Guido Bodrato (born 27 March 1933) is an Italian politician.

Biography
Bodrato was born in Monteu Roero, in Piedmont, and graduated in jurisprudence. He entered Christian Democracy (Democrazia Cristiana, or DC) and was elected in the Italian Chamber of Deputies for that party from 1968 to 1994. He was also municipal councillor in Turin. Together with Carlo Donat-Cattin, he was a leader of DC's Forze Nuove internal wing (a left wing), and later, as a collaborator of Benigno Zaccagnini, a founder of the so-called Area Zac with Mino Martinazzoli and others.

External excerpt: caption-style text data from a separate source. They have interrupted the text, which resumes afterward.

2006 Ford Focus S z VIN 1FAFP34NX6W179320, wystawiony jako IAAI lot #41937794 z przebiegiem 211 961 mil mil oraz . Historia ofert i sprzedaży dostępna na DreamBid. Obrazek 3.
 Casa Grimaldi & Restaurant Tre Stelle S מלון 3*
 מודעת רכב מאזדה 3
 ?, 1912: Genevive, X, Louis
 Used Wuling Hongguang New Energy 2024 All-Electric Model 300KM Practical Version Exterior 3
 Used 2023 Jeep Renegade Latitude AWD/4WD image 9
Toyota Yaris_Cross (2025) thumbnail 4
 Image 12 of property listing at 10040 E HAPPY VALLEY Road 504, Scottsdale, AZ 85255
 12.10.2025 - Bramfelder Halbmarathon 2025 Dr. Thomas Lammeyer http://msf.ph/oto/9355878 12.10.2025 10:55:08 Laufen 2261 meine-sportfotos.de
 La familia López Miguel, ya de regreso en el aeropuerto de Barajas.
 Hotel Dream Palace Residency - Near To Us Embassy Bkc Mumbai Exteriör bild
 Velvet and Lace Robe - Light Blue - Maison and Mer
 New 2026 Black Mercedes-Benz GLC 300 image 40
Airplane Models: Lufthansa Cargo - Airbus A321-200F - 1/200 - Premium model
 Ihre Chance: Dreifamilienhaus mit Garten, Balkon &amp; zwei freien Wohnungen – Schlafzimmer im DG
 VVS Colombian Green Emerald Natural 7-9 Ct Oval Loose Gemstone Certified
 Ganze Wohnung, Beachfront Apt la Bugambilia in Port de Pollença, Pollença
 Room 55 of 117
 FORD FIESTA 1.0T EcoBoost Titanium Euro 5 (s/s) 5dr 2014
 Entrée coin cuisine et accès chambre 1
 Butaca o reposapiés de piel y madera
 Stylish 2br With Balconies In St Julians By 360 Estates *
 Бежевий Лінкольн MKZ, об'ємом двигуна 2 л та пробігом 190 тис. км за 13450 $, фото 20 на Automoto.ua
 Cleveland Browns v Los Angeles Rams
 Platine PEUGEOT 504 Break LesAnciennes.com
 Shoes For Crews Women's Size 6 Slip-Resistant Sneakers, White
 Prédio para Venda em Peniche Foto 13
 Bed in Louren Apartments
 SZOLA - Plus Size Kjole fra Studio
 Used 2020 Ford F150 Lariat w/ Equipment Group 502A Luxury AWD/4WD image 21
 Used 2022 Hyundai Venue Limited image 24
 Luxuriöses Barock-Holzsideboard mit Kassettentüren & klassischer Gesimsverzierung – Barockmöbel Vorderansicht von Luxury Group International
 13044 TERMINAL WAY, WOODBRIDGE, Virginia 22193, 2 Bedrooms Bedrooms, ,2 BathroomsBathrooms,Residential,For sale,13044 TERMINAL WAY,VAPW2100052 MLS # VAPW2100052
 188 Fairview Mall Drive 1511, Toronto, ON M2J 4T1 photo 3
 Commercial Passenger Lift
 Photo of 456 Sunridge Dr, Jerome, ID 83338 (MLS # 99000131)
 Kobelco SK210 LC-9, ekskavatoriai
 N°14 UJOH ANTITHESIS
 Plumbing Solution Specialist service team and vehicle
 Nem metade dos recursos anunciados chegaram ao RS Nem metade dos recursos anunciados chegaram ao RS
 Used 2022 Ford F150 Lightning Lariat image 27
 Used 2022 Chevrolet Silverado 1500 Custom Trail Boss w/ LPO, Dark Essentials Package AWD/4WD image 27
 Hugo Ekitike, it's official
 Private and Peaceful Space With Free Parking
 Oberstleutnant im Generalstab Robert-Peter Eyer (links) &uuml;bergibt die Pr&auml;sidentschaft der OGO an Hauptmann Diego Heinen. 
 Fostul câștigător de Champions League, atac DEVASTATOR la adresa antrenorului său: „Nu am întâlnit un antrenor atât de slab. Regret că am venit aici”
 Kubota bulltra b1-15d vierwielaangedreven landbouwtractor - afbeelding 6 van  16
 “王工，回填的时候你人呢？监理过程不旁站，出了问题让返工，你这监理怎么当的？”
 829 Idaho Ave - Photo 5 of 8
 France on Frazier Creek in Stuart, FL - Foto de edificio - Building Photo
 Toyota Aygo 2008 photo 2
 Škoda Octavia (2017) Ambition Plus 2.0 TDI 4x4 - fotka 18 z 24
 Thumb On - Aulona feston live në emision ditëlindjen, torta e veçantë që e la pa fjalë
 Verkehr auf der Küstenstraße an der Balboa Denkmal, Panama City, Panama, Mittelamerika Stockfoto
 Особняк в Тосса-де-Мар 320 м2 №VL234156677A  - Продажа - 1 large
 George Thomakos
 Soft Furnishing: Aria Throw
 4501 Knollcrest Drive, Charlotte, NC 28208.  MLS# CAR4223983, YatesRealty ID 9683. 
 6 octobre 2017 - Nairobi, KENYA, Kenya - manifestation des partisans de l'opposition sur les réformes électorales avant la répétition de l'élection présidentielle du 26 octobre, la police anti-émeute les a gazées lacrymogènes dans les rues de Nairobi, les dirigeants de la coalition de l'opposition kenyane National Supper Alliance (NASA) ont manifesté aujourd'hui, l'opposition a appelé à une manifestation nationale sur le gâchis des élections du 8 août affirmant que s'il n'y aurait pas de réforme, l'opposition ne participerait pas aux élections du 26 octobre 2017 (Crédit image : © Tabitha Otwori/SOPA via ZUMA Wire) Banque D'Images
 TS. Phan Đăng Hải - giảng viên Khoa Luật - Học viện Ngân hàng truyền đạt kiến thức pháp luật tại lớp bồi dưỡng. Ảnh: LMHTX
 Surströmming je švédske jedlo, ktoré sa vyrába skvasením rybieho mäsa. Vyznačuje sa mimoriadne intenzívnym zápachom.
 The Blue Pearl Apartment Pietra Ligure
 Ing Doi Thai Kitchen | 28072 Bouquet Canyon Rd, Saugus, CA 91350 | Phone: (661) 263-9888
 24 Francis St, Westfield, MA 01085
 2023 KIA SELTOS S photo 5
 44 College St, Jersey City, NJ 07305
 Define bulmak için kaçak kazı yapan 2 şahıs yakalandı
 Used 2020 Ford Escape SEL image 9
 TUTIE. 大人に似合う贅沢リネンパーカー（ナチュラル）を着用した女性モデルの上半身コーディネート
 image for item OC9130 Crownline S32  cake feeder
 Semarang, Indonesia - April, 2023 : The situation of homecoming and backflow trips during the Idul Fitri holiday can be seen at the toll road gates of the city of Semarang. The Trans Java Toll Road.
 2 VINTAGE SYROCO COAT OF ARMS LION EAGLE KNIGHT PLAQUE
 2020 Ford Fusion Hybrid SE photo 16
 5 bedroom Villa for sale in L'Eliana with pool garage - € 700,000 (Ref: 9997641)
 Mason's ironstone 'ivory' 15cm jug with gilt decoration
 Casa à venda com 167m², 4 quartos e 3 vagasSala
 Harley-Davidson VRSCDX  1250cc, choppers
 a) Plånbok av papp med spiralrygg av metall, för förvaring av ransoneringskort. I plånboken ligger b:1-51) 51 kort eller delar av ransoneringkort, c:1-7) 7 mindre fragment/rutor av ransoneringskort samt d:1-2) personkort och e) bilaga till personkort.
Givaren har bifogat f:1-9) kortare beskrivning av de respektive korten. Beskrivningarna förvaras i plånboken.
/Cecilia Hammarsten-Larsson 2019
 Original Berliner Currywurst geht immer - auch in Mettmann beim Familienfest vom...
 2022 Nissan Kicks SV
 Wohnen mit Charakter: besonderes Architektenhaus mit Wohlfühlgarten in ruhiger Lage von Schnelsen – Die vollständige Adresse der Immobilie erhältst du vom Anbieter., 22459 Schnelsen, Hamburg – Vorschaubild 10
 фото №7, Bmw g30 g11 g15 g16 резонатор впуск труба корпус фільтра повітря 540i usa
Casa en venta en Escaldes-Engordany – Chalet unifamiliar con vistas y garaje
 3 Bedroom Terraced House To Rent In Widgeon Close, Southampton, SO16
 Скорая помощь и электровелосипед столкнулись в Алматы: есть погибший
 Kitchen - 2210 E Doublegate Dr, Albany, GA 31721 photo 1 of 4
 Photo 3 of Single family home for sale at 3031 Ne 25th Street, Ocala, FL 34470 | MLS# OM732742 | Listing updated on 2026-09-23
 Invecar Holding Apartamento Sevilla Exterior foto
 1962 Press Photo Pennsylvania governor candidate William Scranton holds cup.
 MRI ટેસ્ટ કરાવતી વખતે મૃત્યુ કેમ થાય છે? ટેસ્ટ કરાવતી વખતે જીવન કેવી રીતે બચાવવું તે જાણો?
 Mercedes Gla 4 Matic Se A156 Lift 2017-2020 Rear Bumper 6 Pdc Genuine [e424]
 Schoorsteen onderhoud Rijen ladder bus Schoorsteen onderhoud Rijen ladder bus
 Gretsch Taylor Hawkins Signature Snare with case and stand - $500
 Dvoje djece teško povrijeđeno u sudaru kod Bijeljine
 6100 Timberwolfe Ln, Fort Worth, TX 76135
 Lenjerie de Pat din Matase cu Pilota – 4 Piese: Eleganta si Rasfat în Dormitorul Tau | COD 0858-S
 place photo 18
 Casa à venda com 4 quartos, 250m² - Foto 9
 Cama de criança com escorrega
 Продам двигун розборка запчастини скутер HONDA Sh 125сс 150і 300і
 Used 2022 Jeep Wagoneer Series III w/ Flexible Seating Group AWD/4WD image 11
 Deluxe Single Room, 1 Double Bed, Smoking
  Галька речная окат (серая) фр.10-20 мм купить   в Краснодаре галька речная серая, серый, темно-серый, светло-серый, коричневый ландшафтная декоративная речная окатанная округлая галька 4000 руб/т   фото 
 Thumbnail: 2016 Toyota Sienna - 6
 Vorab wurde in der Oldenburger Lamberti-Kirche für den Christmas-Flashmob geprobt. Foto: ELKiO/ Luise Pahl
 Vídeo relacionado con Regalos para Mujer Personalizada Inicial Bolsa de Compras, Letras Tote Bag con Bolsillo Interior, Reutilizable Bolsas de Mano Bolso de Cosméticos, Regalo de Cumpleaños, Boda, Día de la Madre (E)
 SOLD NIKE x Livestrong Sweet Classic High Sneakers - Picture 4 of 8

Bodrato was Minister of Education from 1980 and 1982 (Forlani and Spadolini I/II cabinets), then, in 1982-1983, Minister of Economic Balance in the Fanfani V cabinet. After a period as DC's vice-secretary under Ciriaco De Mita and then Arnaldo Forlani, he was again minister, this time of Industry and Commerce, in 1991-1992 (Andreotti VII Cabinet).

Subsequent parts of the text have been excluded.